● **Your assignment**
Everything in the data gets repeated exactly, except for the pictures.

● **Dataset excerpt**
******
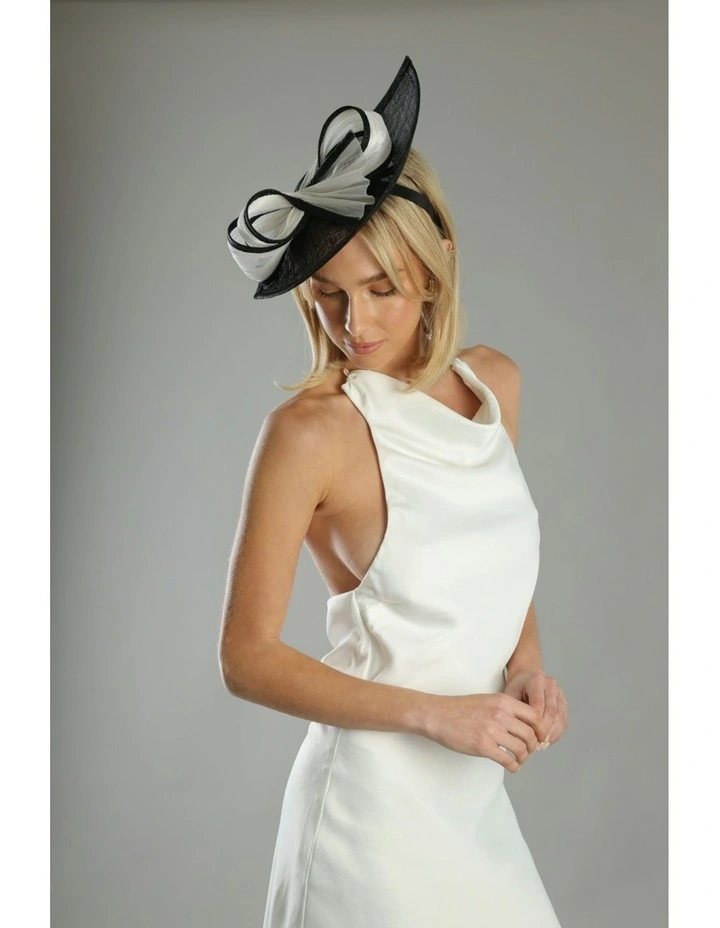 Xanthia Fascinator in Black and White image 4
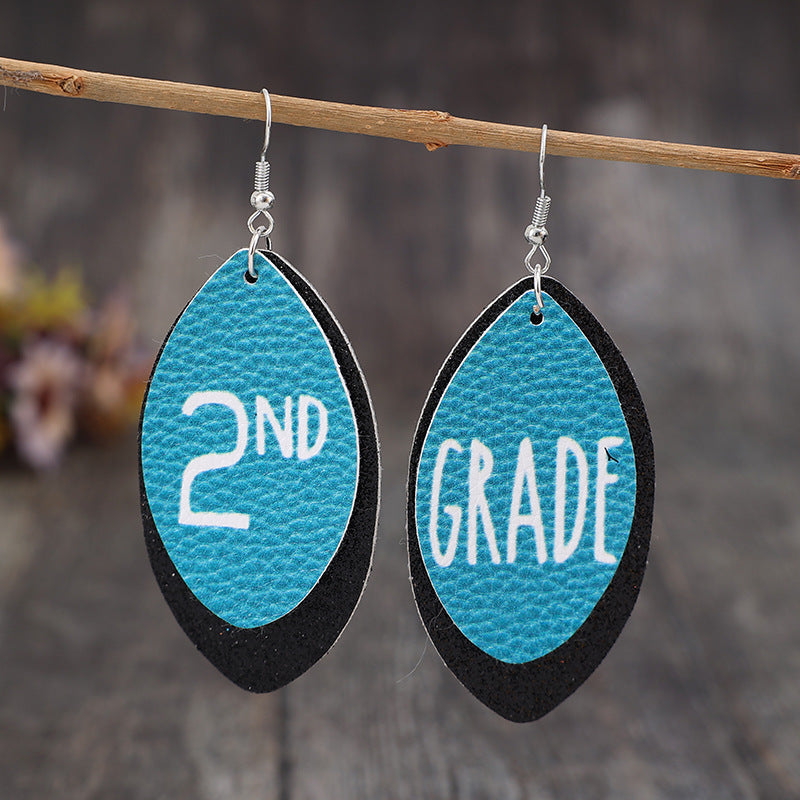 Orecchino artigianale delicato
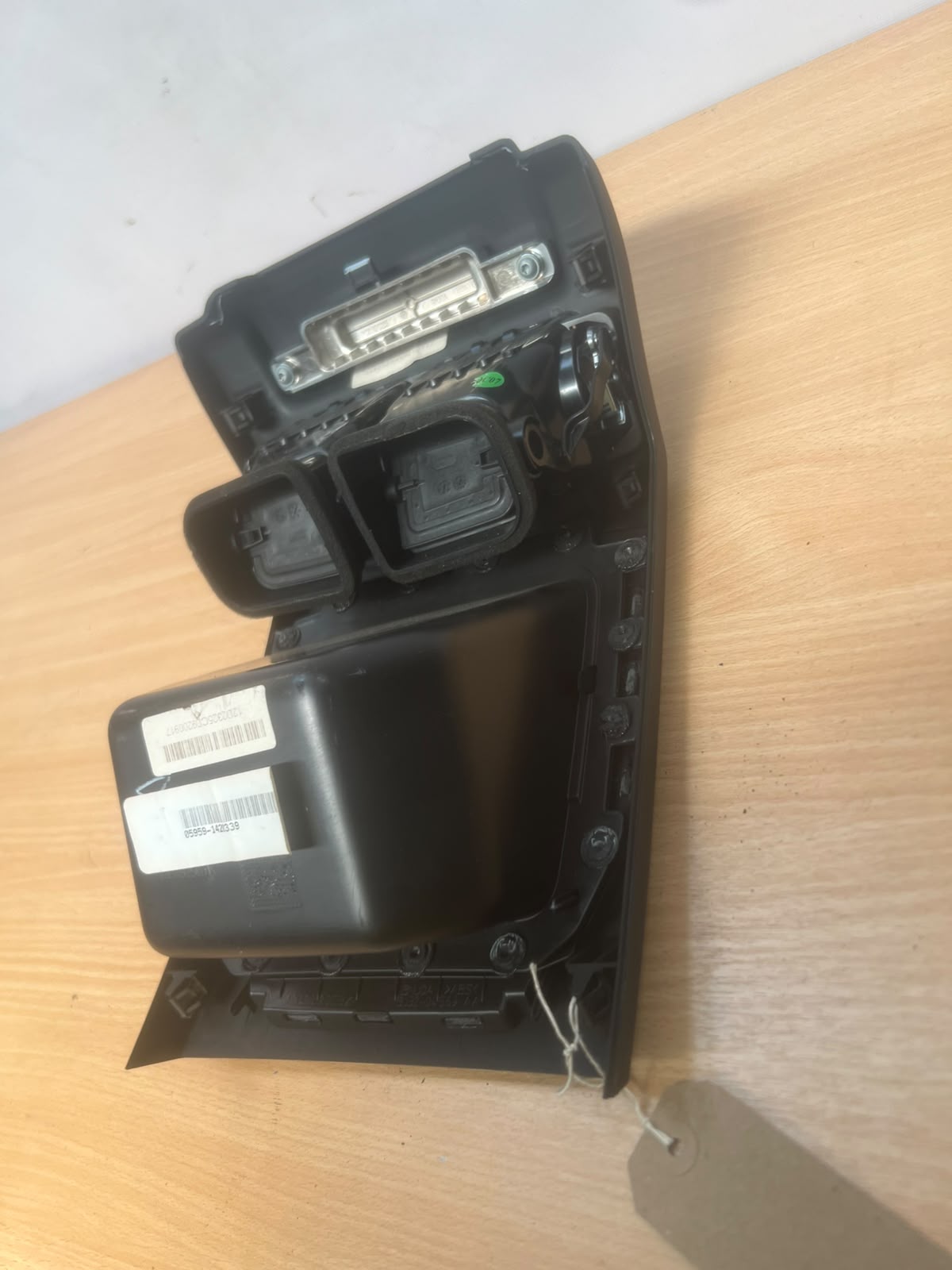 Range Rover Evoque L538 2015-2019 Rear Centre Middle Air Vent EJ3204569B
******
● **Result for this task**
 Xanthia Fascinator in Black and White image 4
 Orecchino artigianale delicato
 Range Rover Evoque L538 2015-2019 Rear Centre Middle Air Vent EJ3204569B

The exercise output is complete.